China has doubled down on its stance on cryptocurrency, moving to block firms from issuing digital currencies abroad. The country’s central bank, along with seven other agencies, said in a joint directive that firms based in China cannot issue cryptocurrencies or yuan-linked stablecoins overseas without permission from the authorities.

In the directive, identified as Yinfa [2026] No. 42, authorities said that the stablecoins tied to fiat currency can act like money in everyday transactions, which is why they must be closely supervised.

Authorities reinforce ban on crypto activities

The notice repeats China’s long-standing position that virtual currencies such as Bitcoin, Ethereum, and Tether are not the same as official money. Regulators said these digital assets are created by private groups and rely on blockchain technology instead of government support. 

Because of this, they do not have the same legal status as fiat currency and cannot be used as official payment tools in the country. Authorities warned that any business dealing with virtual currency trading or services may be treated as illegal financial activity under Chinese law.

The regulators further listed several banned activities linked to cryptocurrencies. These include changing traditional money into digital currency, trading one crypto asset for another, acting as a middleman in crypto transactions, and offering price or information services related to crypto trading. The notice said these actions may involve illegal fundraising or unapproved securities sales.
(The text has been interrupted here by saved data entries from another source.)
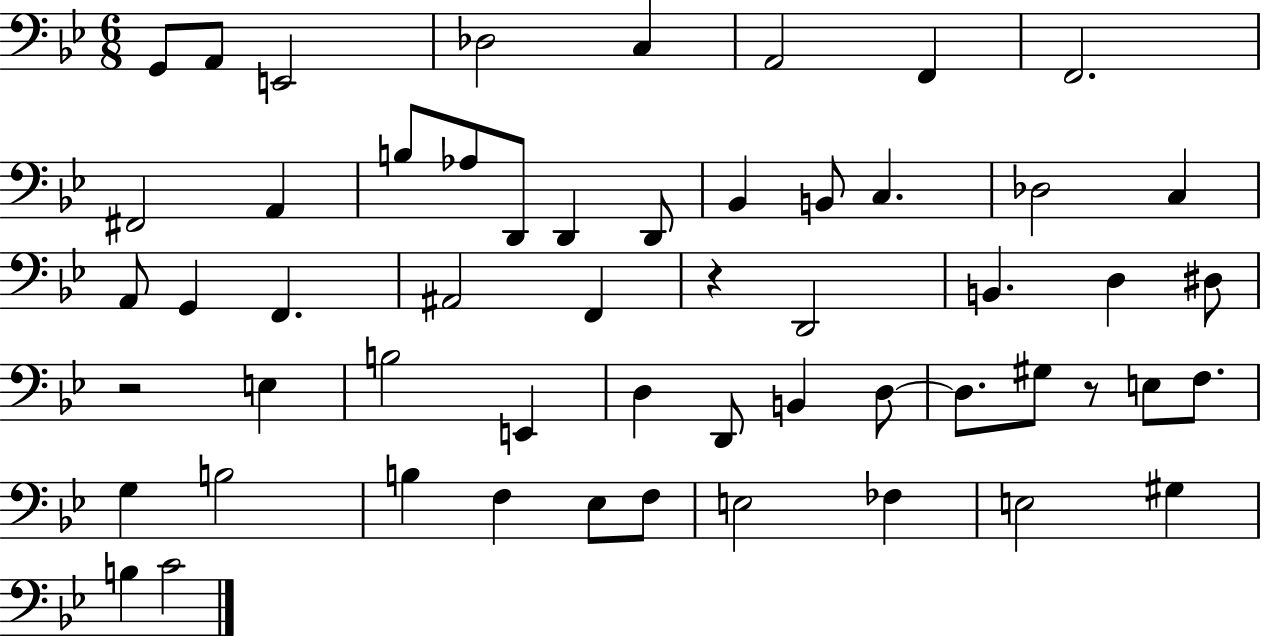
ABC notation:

X:1
T:Untitled
M:6/8
L:1/4
K:Bb
G,,/2 A,,/2 E,,2 _D,2 C, A,,2 F,, F,,2 ^F,,2 A,, B,/2 _A,/2 D,,/2 D,, D,,/2 _B,, B,,/2 C, _D,2 C, A,,/2 G,, F,, ^A,,2 F,, z D,,2 B,, D, ^D,/2 z2 E, B,2 E,, D, D,,/2 B,, D,/2 D,/2 ^G,/2 z/2 E,/2 F,/2 G, B,2 B, F, _E,/2 F,/2 E,2 _F, E,2 ^G, B, C2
Authorities stressed that such activities are strictly prohibited and will be resolutely abolished according to the law. The directive further blocks foreign companies or individuals from offering crypto services to businesses operating inside China.
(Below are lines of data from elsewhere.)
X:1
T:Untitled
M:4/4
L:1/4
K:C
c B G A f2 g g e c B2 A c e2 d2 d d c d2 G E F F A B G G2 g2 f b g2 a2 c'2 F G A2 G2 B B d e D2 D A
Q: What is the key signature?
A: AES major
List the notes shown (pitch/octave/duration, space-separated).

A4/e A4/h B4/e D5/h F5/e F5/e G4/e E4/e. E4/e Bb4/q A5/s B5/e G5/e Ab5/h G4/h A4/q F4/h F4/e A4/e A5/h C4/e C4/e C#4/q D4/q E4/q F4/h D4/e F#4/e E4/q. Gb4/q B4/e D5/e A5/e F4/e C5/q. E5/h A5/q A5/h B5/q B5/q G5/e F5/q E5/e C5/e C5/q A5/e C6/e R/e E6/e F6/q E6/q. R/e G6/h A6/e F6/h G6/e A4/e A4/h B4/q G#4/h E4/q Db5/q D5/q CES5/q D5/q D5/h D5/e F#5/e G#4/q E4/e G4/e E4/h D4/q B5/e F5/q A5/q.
Tokenized assets also face strict limits

The directive addresses tokenization of real-world assets. Regulators described tokenization as the process of turning ownership rights or income benefits from assets into blockchain-based tokens.

The notice states that conducting such tokenization domestically without approval may amount to illegal securities issuance and other unlawful financial practices. Similar restrictions apply to foreign companies offering tokenization services to Chinese businesses unless regulatory permission is granted.
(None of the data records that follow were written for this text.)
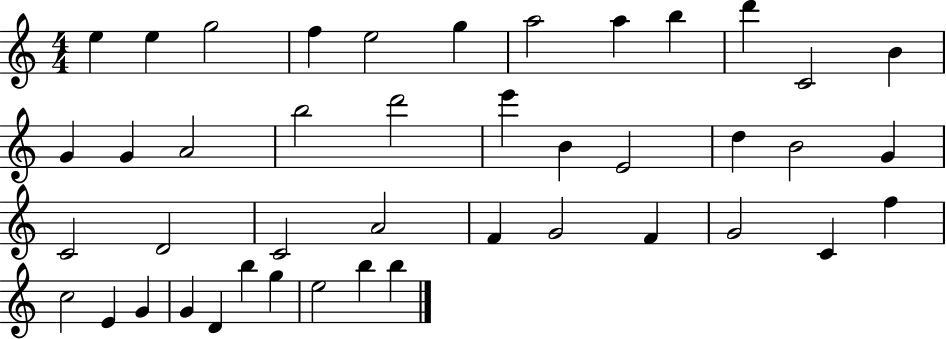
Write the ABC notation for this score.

X:1
T:Untitled
M:4/4
L:1/4
K:C
e e g2 f e2 g a2 a b d' C2 B G G A2 b2 d'2 e' B E2 d B2 G C2 D2 C2 A2 F G2 F G2 C f c2 E G G D b g e2 b b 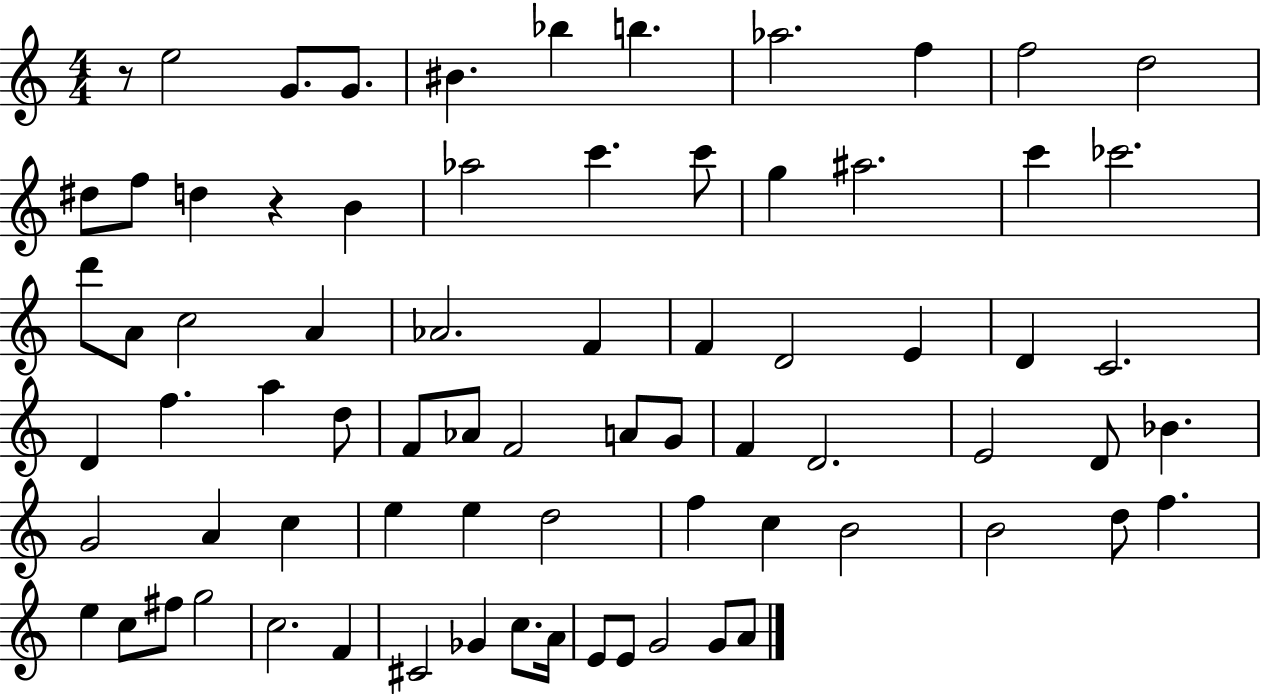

The central bank has previously confirmed that cryptocurrency operations remain illegal within China’s borders. In a previous report, the PBOC said, “Virtual currencies do not have the same legal status as fiat currencies, lack legal tender status, and should not and cannot be used as currency in the market.”

Broader context

The latest directive expands regulatory oversight beyond domestic activity by targeting international crypto services connected to Chinese companies. Authorities said this is ongoing work to prevent financial instability linked to virtual currencies.

However, regulators did not explain what punishments companies might face for breaking the rules or how businesses can apply for permission to issue approved digital assets.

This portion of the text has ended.